The hydraulic system 220, communicatively coupled to the controller 240, is operable to operate the work machine 100 and operate the attachment 105 coupled to the work machine 100, including, without limitation, the attachment's lift mechanism, tilt mechanism, roll mechanism, pitch mechanism and auxiliary mechanisms, for example. This may also include moving the work machine in forward and reverse directions, moving the work machine left and right, and controlling the speed of the work machine's travel.

Summarily, the hydraulic pump 230 may be coupled to one or more of the pair of boom hydraulic cylinders 200, the pair of pitch hydraulic cylinders 205, and auxiliary hydraulic cylinder(s) 215, wherein one or more of the pair of boom hydraulic cylinders 200, the pair of pitch hydraulic cylinders 205, and the auxiliary hydraulic cylinders 215, may actuate the attachment 105 depending on the configuration of the attachment (i.e. the coupling of a first attachment versus a second attachment wherein the first attachment may be a bucket and the second attachment is a grading attachment, the dozer blade attachment). A similar control system for the second attachment or the updated configuration is shown in FIG. 6. This second embodiment applies to a box blade attachment 505 and is discussed in more detail below. The hydraulic pump 230 may deliver fluid through the plurality of flow paths, the plurality of flow paths coupled to one or more of the pair of boom hydraulic cylinders 200, the pair of pitch hydraulic cylinders 205, and the auxiliary hydraulic cylinder(s) 215 (i.e. the angle hydraulic cylinders 216 and the tilt hydraulic cylinders 217).
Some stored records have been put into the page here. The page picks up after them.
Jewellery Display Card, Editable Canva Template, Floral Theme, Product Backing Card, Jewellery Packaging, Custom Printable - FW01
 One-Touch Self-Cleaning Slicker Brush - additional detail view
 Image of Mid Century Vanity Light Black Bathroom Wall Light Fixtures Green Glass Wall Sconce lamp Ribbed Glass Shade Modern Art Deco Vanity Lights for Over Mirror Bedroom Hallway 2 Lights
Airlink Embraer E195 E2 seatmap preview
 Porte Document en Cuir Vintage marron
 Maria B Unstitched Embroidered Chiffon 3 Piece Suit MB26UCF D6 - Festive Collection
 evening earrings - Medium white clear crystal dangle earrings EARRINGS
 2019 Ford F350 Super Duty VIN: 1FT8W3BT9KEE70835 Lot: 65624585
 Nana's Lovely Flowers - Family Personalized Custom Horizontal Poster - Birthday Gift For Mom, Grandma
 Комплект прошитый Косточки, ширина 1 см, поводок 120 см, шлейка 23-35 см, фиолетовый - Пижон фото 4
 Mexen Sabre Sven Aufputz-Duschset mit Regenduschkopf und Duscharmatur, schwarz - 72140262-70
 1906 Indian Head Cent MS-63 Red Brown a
The user input interface 245 comprises of a left joystick 250a and a right joystick 250b to operate the movement of the attachment 105 relative to the frame 110 of the work machine 100. In the standard configuration 202, shown in FIG. 3A, moving the left joystick 250a in a fore direction 131 actuates the left ground-engaging mechanism 155 to move in a forward direction and in the aft direction 132 actuating the left ground-engaging mechanism 155 to move in the reverse direction. Moving the left joystick transverse (146 and 147) to the fore-aft direction (131 and 132) actuates the boom hydraulic cylinders 200 to lift and lower the boom arms 190 relative to the frame 110. Moving the right joystick 250b in a fore direction 131 actuates the right ground-engaging mechanism 155 to move in the forward direction and in the aft direction 132 to actuate the right ground-engaging mechanism in the reverse direction. Moving the right joystick 250b transverse (146 and 147) to the fore-aft direction (131 and 132) actuates the pitch hydraulic cylinders to curl or dump the attachment 105 relative to the frame 110.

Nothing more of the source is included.